Conseguenze tipiche sono insonnia, irritabilità, difficoltà a controllare le emozioni. Dopo la cosiddetta ‘fine delle ideologie’, una generazione simile è particolarmente esposta alla influenza di movimenti che propongono argomenti semplificati, con soluzioni politico-economiche immediate e illusorie. Senza rendersene conto, ha un gran bisogno di aggregarsi in modo non solo virtuale: e anche questo apre nuovi spazi alle sirene populiste.

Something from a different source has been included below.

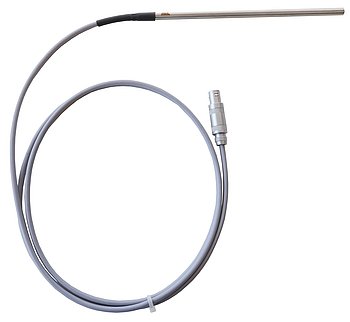 Temperature sensor Pt100, closed, Ø 6 mm, 180 mm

A tutto ciò esiste qualche contrappeso. Proprio nelle nuove generazioni iperdigitalizzate cresce ogni anno quella che da chi scrive è stata chiamata slow culture. Molti rinunciano all’auto e preferiscono la bicicletta. Sono maestri nell’uso dello smartphone e del computer, ma quando possono scrivono a mano e su carta. Si tratta di un movimento risanatorio spontaneo, non derivato da ideologie. Chi lo costituisce forma una ‘nuova generazione critica’: riformatrice coraggiosa, che non si nota proprio perché molto più silenziosa della vecchia generazione critica, quella degli anni Settanta. Da loro non dobbiamo temere bande, branchi o semplicemente tribù. Sono loro che hanno consentito il successo dei festival culturali: fenomeno italiano in sorprendente controtendenza rispetto alla crisi economica. Il loro problema sta proprio nel fatto che, essendo introversi, sono poco visibili. Così, non ci rendiamo conto della loro consistenza numerica e non sappiamo valorizzarli. Essendo poi per vocazione introversi e parsimoniosi, non si fanno notare né dai mass media né dalle grandi forze che muovono l’economia cercando di promuovere nuovi consumi.
La parola
Tribalismo
Negli studi antropologici, il ritorno nella modernità o in contesti urbani di forme di relazioni e criteri identitari considerati arcaici. Questa ricomparsa non si spiega come sopravvivenza o riproposizione autentica di elementi della tradizione, ma come riformulazione creativa delle appartenenze con l’utilizzo di simbologie e tratti culturali avulsi dai contesti originari. Il tribalismo quindi non è la riproposizione dell’arcaico, ma l’esito identitario di gruppi in lotta per il controllo di risorse nei nuovi contesti contemporanei spesso segnati dalla dissoluzione di ideologie e istituzioni unificanti.